Every site in Berlin has something to do with war, holocaust, division or some general negative historical event. The grey skies and the bitter cold were just the icing on the cake. How did we keep ourselves from getting severely depressed in the country of despair? Conundrums! When I was much younger I remember my Dad giving us conundrums and I remembered a few of them. For those of you who haven’t heard of these, someone basically gives you some sort of fictional situation, and everyone has to guess how it happened or what is going on by asking questions that can only receive a yes or no response. For example, “A man goes into a field and dies, how did it happen?” We met up with a couple of guys who followed us around like puppy dogs who happened to love my conundrums. Thank god that they were better than the homophobe and the mute, but we nicknamed these two Lame-o #1 and Lame-o #2, no explanation needed (although, they did love my conundrums, so I should reconsider naming them Awesome #1 & #2).
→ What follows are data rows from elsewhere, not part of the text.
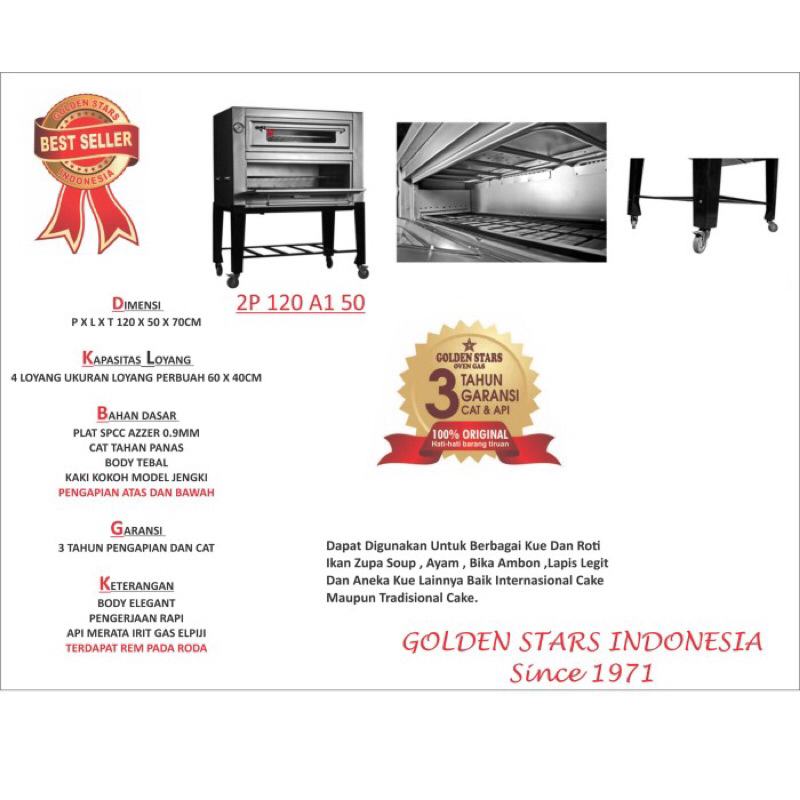 Oven gas Golden Star 2 Pintu Ab 50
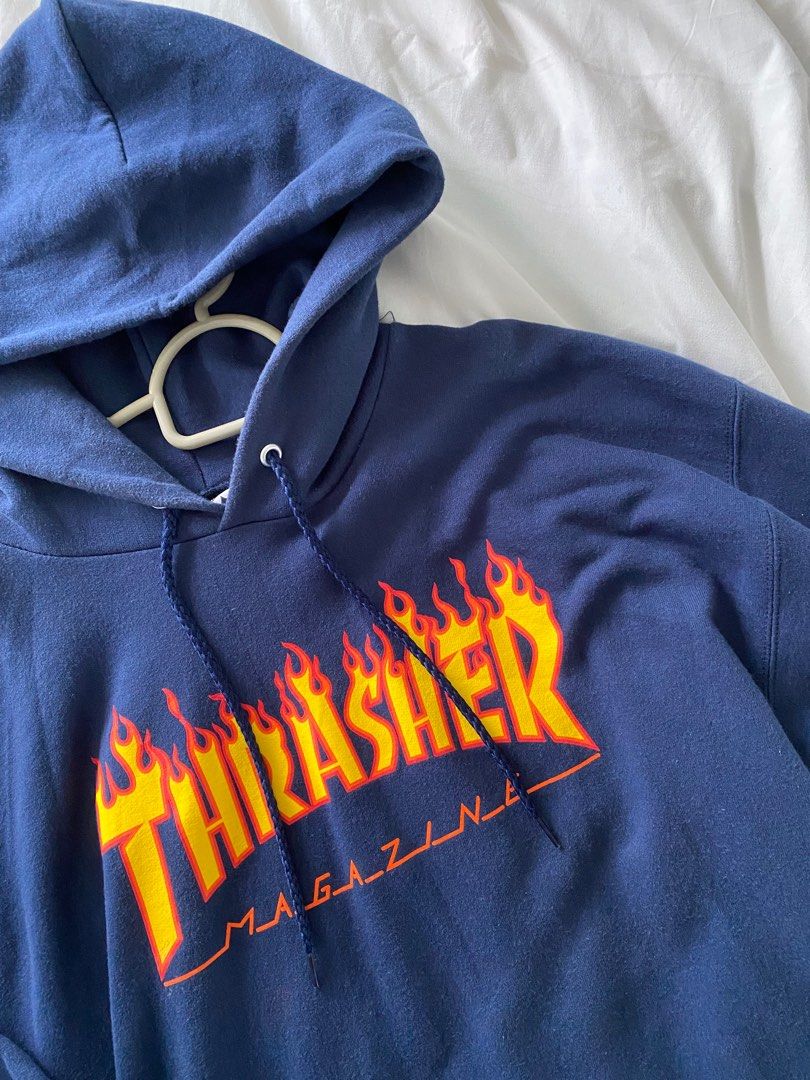 Thrasher discount blue hoodie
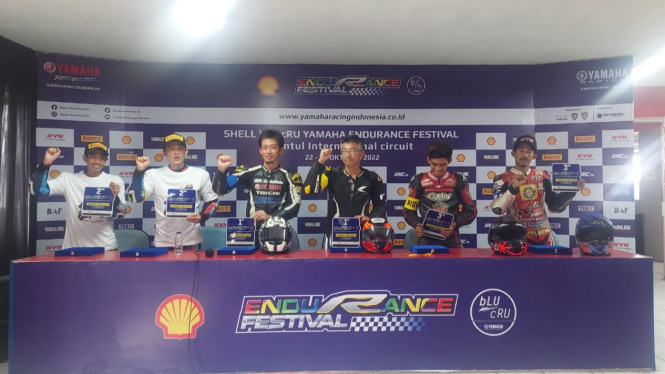 Peraih podium 155 Community bLU cRU Yamaha Endurance Festival 2022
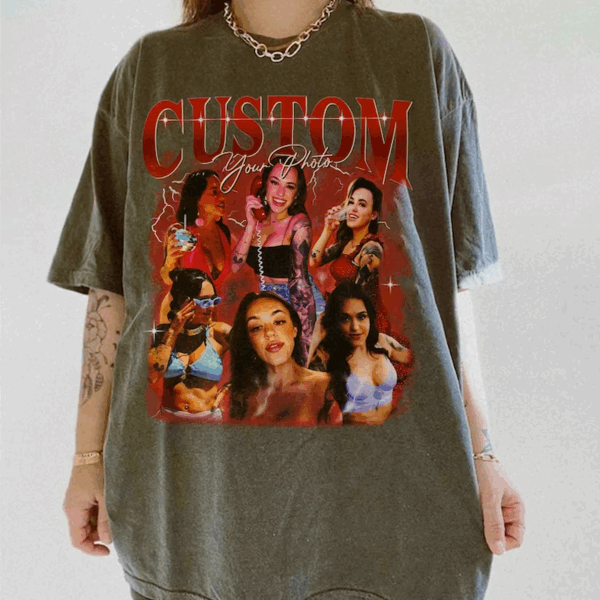Adult Custom Basketball Bootleg Shirt 90s Vintage Bootleg Custom Basketball Player Personalized T Shirt - Image 8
All throughout Berlin, our little puppy dogs would be silently thinking and then suddenly yell out random questions like “is it a real man?” or “was he playing baseball and a lighthouse fell on him which killed him?” It was a fun way to distract ourselves when we were moving from one depressing sight to another. The train ride home from the concentration camp had some of the best conundrums because we all needed a serious pick-me-up after that little outing as you can imagine.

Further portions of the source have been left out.